定期的なグリスアップが必要な個所は以下の通りです: SAE 高温高圧用(EP)汎用グリスまたは SAE リチウム系汎用グリスを使用してください。
グリスアップ箇所は以下の通りです:
PTO シャフト(3ヶ所)(図 45)。
ローラベアリング(モデルによって 2 または 4)(図 46)
Oリングチェーン — このチェーンは潤滑しないこと。
Important: ベアリングが、材質上の欠陥や製造上の瑕疵のために破損することはめったにありません。破損原因のうちで最も多いのは、水やホコリが保護シールを通り越えて内部に侵入することです。グリスアップの必要なベアリングでは、定期的にグリスを注入することで、内部に侵入した異物を外へ押し出していますから、定期的な整備が非常に大切です。密封式のベアリングは、製造時に特殊なグリスを封入し、強力なシールによって内部を保護しています。

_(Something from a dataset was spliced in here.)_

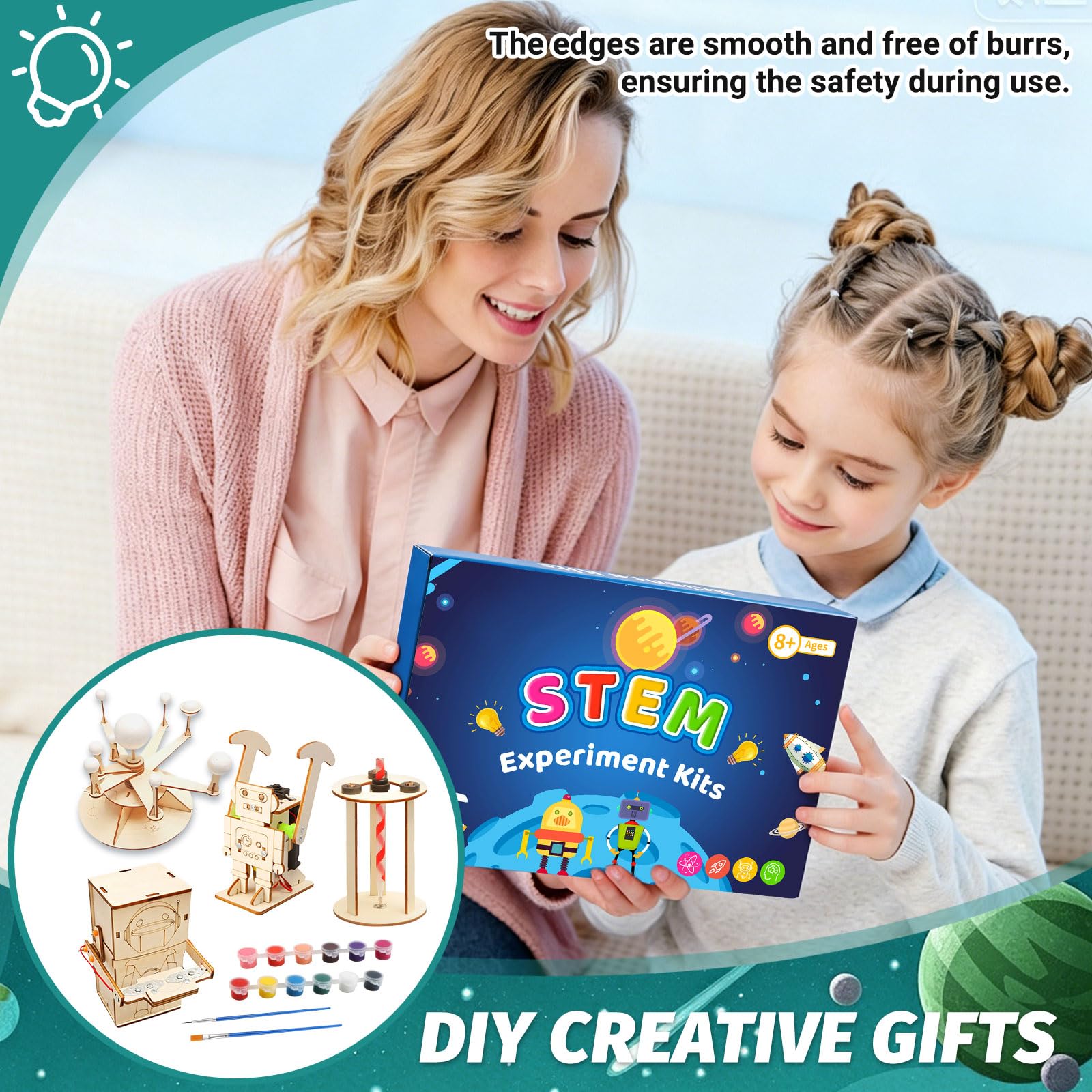 Experimentos para niños Set de 4, Kit de experimentos para niños de 8 a 14 años, Kit electrónico Stem DIY, Kit científico de Madera Puzzle 3D, Caja de experimentos Juguete Educativo Regalo para niños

密封式のベアリングは、短期的には何の整備も必要ないので保守作業が軽減され、また、グリスが落ちてターフを汚すというような事故がありません。このため保守作業が軽減され、また、グリスが落ちてターフを汚すというような事故発生しにくくなります。普通に使用していれば長期間にわたって高い性能を発揮しますが、定期点検は必ず行い、作動状態とシールの劣化状態を確認してください。劣化を放置すると整備に思わぬ時間がかかることになります。これらのベアリングはシーズンごとに点検し、必要に応じて新しいものに交換してください。回転がスムーズなこと、作動中に熱を持たないこと、異音がしないこと、ガタや腐食によるもれがないことが大切です。
ベアリングは消耗部品です。また、使用環境から様々なストレス(砂、農薬、水、衝撃など)を受けますから、整備の良し悪しによって寿命が大きく変わります。素材または製造上の不良によるベアリングの破損以外は保証の対象にはなりません。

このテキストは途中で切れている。